The NGram BloomFilter index is a Skip Index specifically designed to accelerate LIKE '%pattern%' fuzzy queries on string columns. Built on top of the BloomFilter index, it introduces N-Gram tokenization to split text into multiple word groups composed of adjacent characters before writing them into the BloomFilter, thereby supporting fast filtering for fuzzy matching.

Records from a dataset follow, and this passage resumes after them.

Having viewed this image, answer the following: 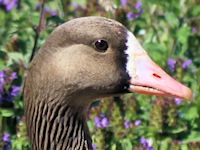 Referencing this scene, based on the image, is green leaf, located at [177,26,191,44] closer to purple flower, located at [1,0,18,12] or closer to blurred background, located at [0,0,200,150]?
blurred background, located at [0,0,200,150]

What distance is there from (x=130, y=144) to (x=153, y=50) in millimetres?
1210

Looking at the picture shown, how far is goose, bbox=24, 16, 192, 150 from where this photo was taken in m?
5.18

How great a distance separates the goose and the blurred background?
1.10 m

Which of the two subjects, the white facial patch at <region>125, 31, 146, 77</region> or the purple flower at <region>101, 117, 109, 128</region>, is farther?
the purple flower at <region>101, 117, 109, 128</region>

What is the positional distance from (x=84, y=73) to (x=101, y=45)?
180 mm

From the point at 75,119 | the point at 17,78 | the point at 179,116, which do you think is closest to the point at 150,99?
the point at 179,116

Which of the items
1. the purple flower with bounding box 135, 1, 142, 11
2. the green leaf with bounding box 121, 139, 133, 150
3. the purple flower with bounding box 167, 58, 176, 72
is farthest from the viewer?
the purple flower with bounding box 135, 1, 142, 11

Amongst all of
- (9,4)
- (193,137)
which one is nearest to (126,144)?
(193,137)

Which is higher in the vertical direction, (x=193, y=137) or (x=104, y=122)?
(x=104, y=122)

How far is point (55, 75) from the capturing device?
5.21 meters

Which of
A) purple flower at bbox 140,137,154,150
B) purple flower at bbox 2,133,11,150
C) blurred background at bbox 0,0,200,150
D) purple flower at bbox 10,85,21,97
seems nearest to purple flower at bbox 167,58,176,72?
blurred background at bbox 0,0,200,150

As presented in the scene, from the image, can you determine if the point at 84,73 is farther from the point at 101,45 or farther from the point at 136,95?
the point at 136,95

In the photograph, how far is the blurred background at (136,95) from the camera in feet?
21.6

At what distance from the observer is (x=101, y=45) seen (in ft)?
17.1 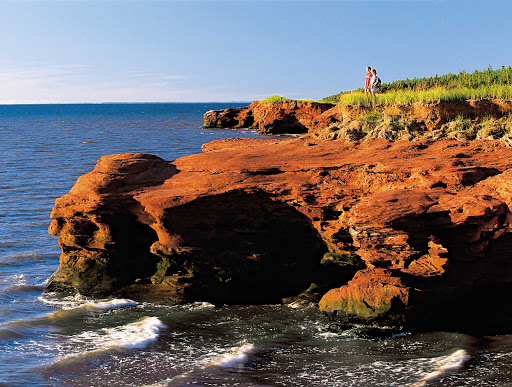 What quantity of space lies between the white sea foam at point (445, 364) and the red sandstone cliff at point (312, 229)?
1.11 m

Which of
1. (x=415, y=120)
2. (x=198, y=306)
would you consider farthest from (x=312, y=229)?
(x=415, y=120)

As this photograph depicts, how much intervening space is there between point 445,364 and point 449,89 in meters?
21.1

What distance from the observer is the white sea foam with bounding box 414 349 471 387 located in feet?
28.7

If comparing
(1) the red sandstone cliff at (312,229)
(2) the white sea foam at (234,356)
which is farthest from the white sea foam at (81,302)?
(2) the white sea foam at (234,356)

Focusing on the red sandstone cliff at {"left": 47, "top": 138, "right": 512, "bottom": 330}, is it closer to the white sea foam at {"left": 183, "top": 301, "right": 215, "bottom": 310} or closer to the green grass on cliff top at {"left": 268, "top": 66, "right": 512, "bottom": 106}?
the white sea foam at {"left": 183, "top": 301, "right": 215, "bottom": 310}

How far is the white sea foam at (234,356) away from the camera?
376 inches

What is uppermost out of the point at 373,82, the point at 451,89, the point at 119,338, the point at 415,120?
the point at 373,82

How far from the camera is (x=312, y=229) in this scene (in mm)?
12148

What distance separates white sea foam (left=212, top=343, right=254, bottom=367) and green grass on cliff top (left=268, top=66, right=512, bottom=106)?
1932 centimetres

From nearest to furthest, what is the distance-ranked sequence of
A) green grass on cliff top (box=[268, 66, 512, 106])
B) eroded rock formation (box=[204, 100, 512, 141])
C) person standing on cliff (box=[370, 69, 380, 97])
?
eroded rock formation (box=[204, 100, 512, 141]) < green grass on cliff top (box=[268, 66, 512, 106]) < person standing on cliff (box=[370, 69, 380, 97])

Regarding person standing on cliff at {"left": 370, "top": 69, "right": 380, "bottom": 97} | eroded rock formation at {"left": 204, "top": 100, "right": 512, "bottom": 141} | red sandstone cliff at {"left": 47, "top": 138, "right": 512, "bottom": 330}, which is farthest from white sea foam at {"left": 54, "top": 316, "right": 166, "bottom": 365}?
person standing on cliff at {"left": 370, "top": 69, "right": 380, "bottom": 97}

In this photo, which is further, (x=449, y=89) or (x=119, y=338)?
(x=449, y=89)

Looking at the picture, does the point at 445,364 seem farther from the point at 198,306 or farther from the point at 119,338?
the point at 119,338

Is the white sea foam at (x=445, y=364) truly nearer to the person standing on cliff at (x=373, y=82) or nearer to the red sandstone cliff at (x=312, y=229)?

Key benefit: In suitable scenarios, compared with a full scan without an index, the NGram BloomFilter index can deliver several to ten times the query speedup (see the 8x speedup case in Usage Example).

Index Principle

Ngram Bloomfilter

N-Gram tokenization splits a sentence or a piece of text into multiple word groups composed of adjacent characters. For example, tokenizing the string 'This is a simple ngram example' with N = 3 produces the following 4 words:

  • 'This is a'
  • 'is a simple'
  • 'a simple ngram'
  • 'simple ngram example'

Key differences between the NGram BloomFilter index and the regular BloomFilter index:

ComparisonBloomFilter IndexNGram BloomFilter Index
Written contentThe original column valuesEach word group obtained by N-Gram tokenization of the original text
Accelerated query typeEquality queries (=, IN)LIKE '%pattern%' fuzzy queries
Applicable column typeMultiple data typesString columns only

Query acceleration process:

  1. Apply N-Gram tokenization to the pattern in LIKE '%pattern%'.
  2. Check one by one whether each tokenized word group exists in the BloomFilter.
  3. If a word group does not exist in the BloomFilter, the corresponding data block cannot satisfy the LIKE condition and can be skipped.
  4. Skipping data blocks that do not match reduces IO and accelerates the query.

Use Cases

The NGram BloomFilter index is suitable for the following scenarios:

  • Acceleration of LIKE '%pattern%' fuzzy queries on string columns.
  • The number of consecutive characters in the LIKE pattern is greater than or equal to the gram_size defined for the index.
Usage Constraints
  • Only string columns are supported, and only LIKE queries can be accelerated.
  • The NGram BloomFilter index and the regular BloomFilter index are mutually exclusive. Only one of them can be chosen for the same column.
  • The method for analyzing index effectiveness is the same as for the BloomFilter index.

Manage Indexes

Create an Index

Create at Table Creation

Add the index definition after the COLUMN definition in the table creation statement:

INDEX `idx_column_name` (`column_name`) USING NGRAM_BF
PROPERTIES("gram_size"="3", "bf_size"="1024")
COMMENT 'username ngram_bf index'

Syntax Description

ParameterRequiredDescription
idx_column_name (column_name)Requiredcolumn_name is the name of the column on which the index is built and must be defined earlier; idx_column_name is the index name and must be unique within the table
USING NGRAM_BFRequiredSpecifies the index type as NGram BloomFilter index
PROPERTIESOptionalSpecifies additional properties for the NGram BloomFilter index. See the table below for details
COMMENTOptionalSpecifies a comment for the index
Naming Recommendation

It is recommended to prefix index names with idx_, for example idx_review_body.

PROPERTIES Parameters

PropertyDescription
gram_sizeThe N in N-Gram, specifying that every N consecutive characters form a word group. For example, 'This is a simple ngram example' is split into 4 word groups when N = 3. It is recommended to set this to the minimum length of the LIKE query string, but not below 2.
bf_sizeThe size of the BloomFilter, in Bits. It determines the index size for each data block. A larger value consumes more storage space but reduces the probability of hash collisions.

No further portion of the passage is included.